Direct Composition is a feature first introduced in Windows 8 that enables high-performance bitmap composition with transformations, effects and animations that are abstracted as kernel objects. These kernel objects are later serialized and sent to DWM (Desktop Window Manager) to be rendered on screen. 

The fact that kernel objects can be created and manipulated directly using system calls made it an attractive attack surface. Researchers have demonstrated how adversaries can exploit vulnerabilities in Direct Composition, such as in competitions like Pwn2Ownimplement.  

Although there is public research on Direct Composition, only a few discuss fuzzing this feature, and none, to our knowledge, that covers snapshot fuzzing.  Therefore, we wanted to research how to apply snapshot fuzzing to Direct Composition and implement a fuzzer using the publicly available WTF snapshot fuzzer. 
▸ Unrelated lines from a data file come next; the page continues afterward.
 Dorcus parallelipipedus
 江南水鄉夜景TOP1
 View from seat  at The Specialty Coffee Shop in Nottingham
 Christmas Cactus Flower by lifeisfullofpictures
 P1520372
Past work on fuzzing Direct Composition 

Security researchers Peng Qiu and SheFang Zhong of the Qihoo 360 Vulcan Team first published research on vulnerabilities in Direct Composition in the conference talk “Win32k Dark Composition: Attacking the Shadow Part of Graphic Subsystem.” This research showed how to trigger and eventually fuzz Direct Composition-related code. By fuzzing the exposed code, security researchers could uncover potential vulnerabilities in Direct Composition, a feature that had never been publicly dissected for finding vulnerabilities 

More recently at HITB conference in 2023, researchers from Hillstone Networks presented a talk about using a modified version of the fuzzing framework syzkaller to fuzz Direct Composition. First, they fuzzed the kernel component with code coverage. With the generated corpus, at the end of each test case they added a call to NtDCompositionCommitChannel which triggers userland DWM to process the data. They fuzzed again with the modified corpus, and as a result, found vulnerabilities in DWM. Although syzkaller runs with full system virtualization, it is not a snapshot fuzzer and their approach did not collect coverage on DWM. 
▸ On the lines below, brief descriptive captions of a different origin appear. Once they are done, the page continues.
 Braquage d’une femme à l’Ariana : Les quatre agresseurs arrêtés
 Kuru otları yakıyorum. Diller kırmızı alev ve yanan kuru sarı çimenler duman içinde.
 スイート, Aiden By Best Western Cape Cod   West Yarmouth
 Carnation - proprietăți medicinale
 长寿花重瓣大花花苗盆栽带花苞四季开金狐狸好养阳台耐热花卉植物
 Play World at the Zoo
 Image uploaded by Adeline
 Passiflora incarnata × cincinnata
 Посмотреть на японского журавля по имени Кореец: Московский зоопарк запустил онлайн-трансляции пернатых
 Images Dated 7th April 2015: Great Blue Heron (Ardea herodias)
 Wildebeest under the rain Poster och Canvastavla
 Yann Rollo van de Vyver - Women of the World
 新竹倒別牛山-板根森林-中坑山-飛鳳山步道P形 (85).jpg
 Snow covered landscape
“What The Fuzz,” snapshot-based fuzzer 

Wtf (“what the fuzz”) is a snapshot-based fuzzer for Windows targets developed by a researcher named Axel Souchet. After it was first released, researchers quickly started using it to fuzz various targets. It supports several backends to execute the snapshot, such Bochscpu, Windows Hypervisor Framework and KVM. Wtf also supports mutators such as hongfuzz and libfuzzer mutators by default. 

To get fuzzing working, researchers must create a memory snapshot and create a customized fuzzer that mutates the test case, copies it into the loaded snapshot’s guest memory space and installs breakpoints strategically to detect crashes, context switches, or restore snapshots. Then, wtf handles the rest. 

We were also interested in using wtf to fuzz potentially high-severity targets. Naturally, we investigated using it to fuzz Direct Composition to try and build off the previous research into Direct Composition. 

Challenges in fuzzing Direct Composition 

Direct Composition consists of a kernel component and a userland component. A user can execute system calls to interface with the kernel component. When targeting the kernel, it can be fuzzed using a traditional Windows system call fuzzing with tailored grammar, which was the case the 360 Vulcan Team’s research. 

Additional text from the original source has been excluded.